(Beginning of DATA TO EXAMINE)

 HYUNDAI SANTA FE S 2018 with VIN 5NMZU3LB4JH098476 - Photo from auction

(End of DATA TO EXAMINE)
(Beginning of DATA TO EXAMINE)

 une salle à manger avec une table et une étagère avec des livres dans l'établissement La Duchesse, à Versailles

(End of DATA TO EXAMINE)
(Beginning of DATA TO EXAMINE)

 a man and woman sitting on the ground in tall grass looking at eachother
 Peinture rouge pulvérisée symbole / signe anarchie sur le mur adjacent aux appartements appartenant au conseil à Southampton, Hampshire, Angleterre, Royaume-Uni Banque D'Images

(End of DATA TO EXAMINE)

**TASK OBJECTIVE:** Everything starting at the line containing "a man and woman" and ending at the line containing "Peinture rouge pulvérisée" in the records above should be repeated exactly, and only that.

**EXERCISE OUTPUT:**
 a man and woman sitting on the ground in tall grass looking at eachother
 Peinture rouge pulvérisée symbole / signe anarchie sur le mur adjacent aux appartements appartenant au conseil à Southampton, Hampshire, Angleterre, Royaume-Uni Banque D'Images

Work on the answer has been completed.